Whatever your business, please don’t use a slider in this section. Sliders are dated, confusing and don’t convert well. Choose one message and go for it. You can always change it up as necessary.

Nothing in your website is fixed in stone.

Benefits Section

The second section is the benefits section, and it should show the visitor the benefits of using your services or buying your products.

This section should be all about them and how you can help and make their lives easier. It’s also the perfect place to highlight any free resources you have.

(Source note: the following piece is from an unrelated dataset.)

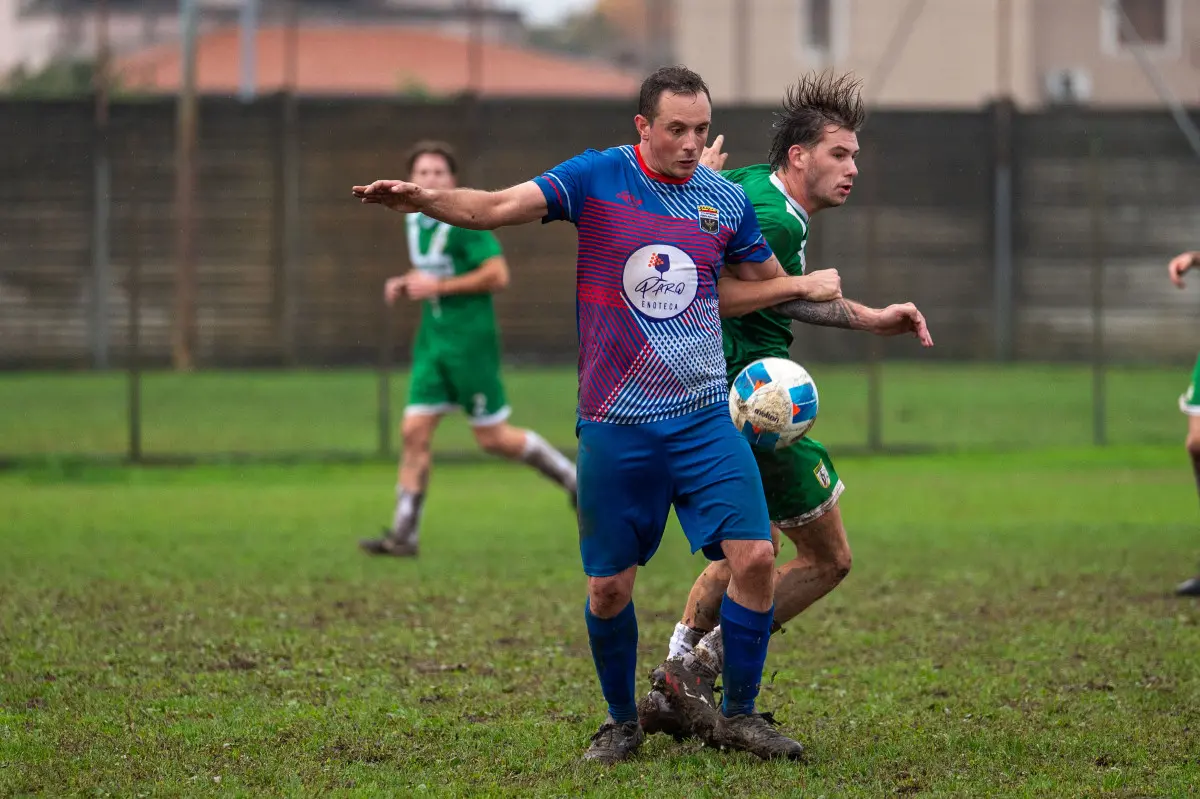 Seconda categoria: Verolavecchia-Virtus Manerbio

Let’s go back to Amy Porterfield, she has a lovely section to showcase her freebies. And Neil Patel highlights the four areas a visitor may be struggling with and his free resources that will help.

Services Section

The third section is the services section, or it could also be for your products or your blog. And you can use it to describe your services or showcase your products. If you have a particular service or product that you want to push more than the others, give that one more space to emphasize its importance. Try not to include too much text, and summarize each service and add a button to read more. Keep it simple and use icons if appropriate for your brand. Icons are visual cues to grab your visitor’s attention if they’re skim reading. If you have a shop, you can use this section to display some of your products, but don’t overwhelm your audience with tons of products and categories on the homepage. If you have a blog, you could showcase a relevant blog post here too, or tell your visitor a little bit about what to expect on your blog. So Amy Porterfield’s an online educator, and in this section, she’s talking about her courses. And she’s again showing a nice picture of herself, and you can read more about her story. And then she also talks about her podcast as well which is another service that you could use. And by listening to her podcast, you get to trust her and then you might go on to buy her quite high-ticket courses.

Social Proof

The final section is social proof. It should have things like case studies, testimonials and your client’s logos if applicable. This section helps the visitor to trust in your experience or products.

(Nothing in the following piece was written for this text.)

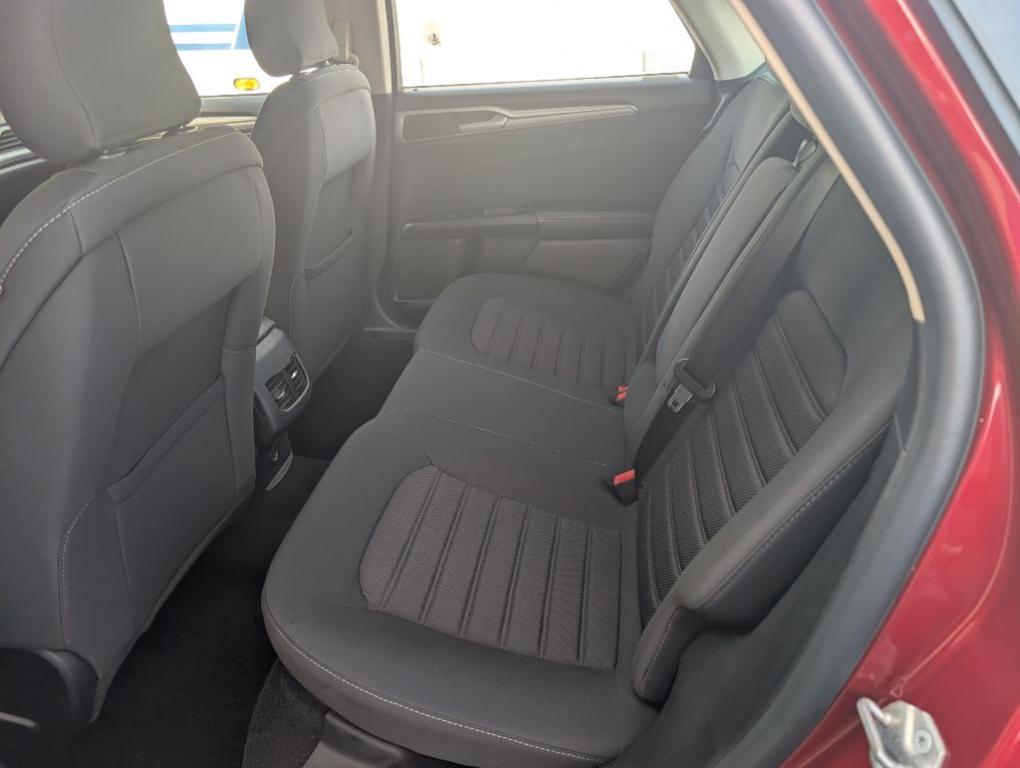 used 2019 Ford Fusion car, priced at $15,900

Over on the Amy Porterfield site, she has a ‘Featured In’ section which shows the different magazines that she’s been featured in, which again is a form of social proof. And then she’s saying she’s a ‘top-ranking podcaster’. If all these people think that her podcast is worth five stars, then that’s great social proof for her, and her business, and obviously for her podcast as well.

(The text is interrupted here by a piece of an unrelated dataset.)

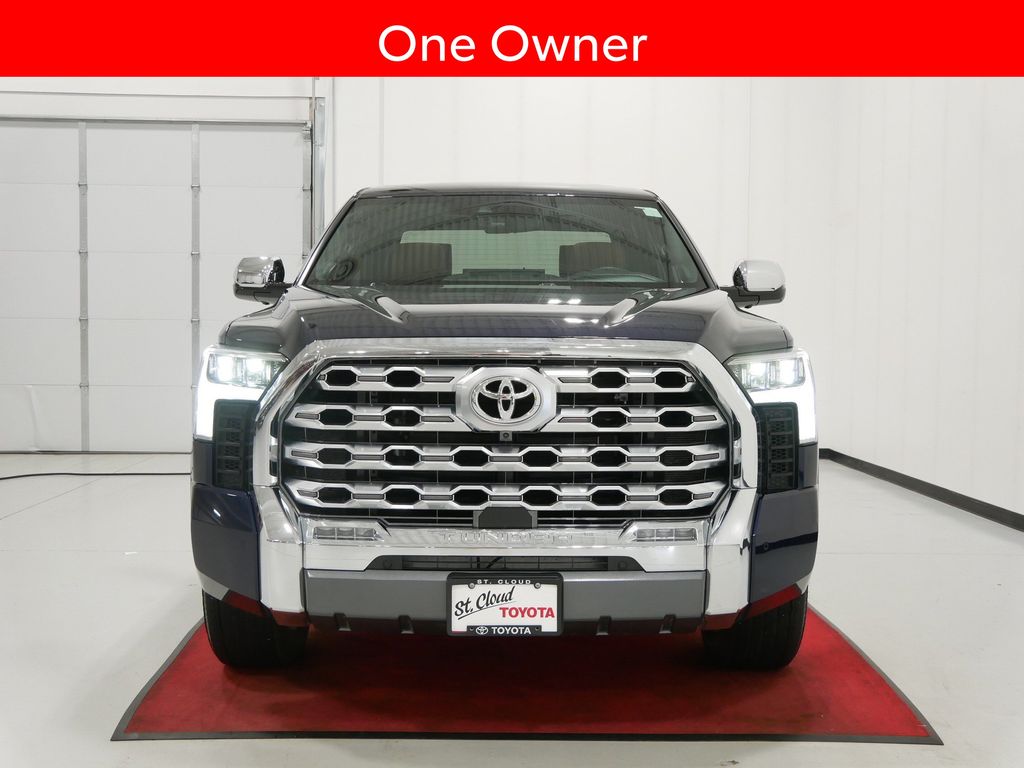 Used 2025 Toyota Tundra Truck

Finally, here’s the social proof on Freddie’s Flowers. They have an excellent score, they have a star rating, and reviews of real customers too. What would make that even more powerful is pictures of the people. And at that point as well, they’re giving me another chance to start sending flowers so that’s brilliant.

Convert your website visitors into customers

Once you’ve decided on the content that you’re going to put into them you need to think about the primary objective of your homepage.

What do you want your client to do?

In order to get people to do this thing, you need to place clear calls to action throughout your page and ensure the most important one stands out clearly. Examples of this could be getting them to sign up to your newsletter, view your services page or take your quiz.

Make sure your homepage aligns with your branding

Whatever you put on your homepage, be sure to design it in-line with your brand image and message so that it speaks to your ideal customer.

Please keep your designs simple and remove anything that doesn’t have a purpose or tell a story. Your copy should be short and to the point and all images should be on-brand and tell the story of the text it accompanies. The one thing that all of the websites that I’ve shown you today have in common is white space. It doesn’t necessarily have to be white, that’s the technical term, but there does have to be space. Space between the different elements will help your customers navigate around your website, and makes it a calmer and more pleasurable experience.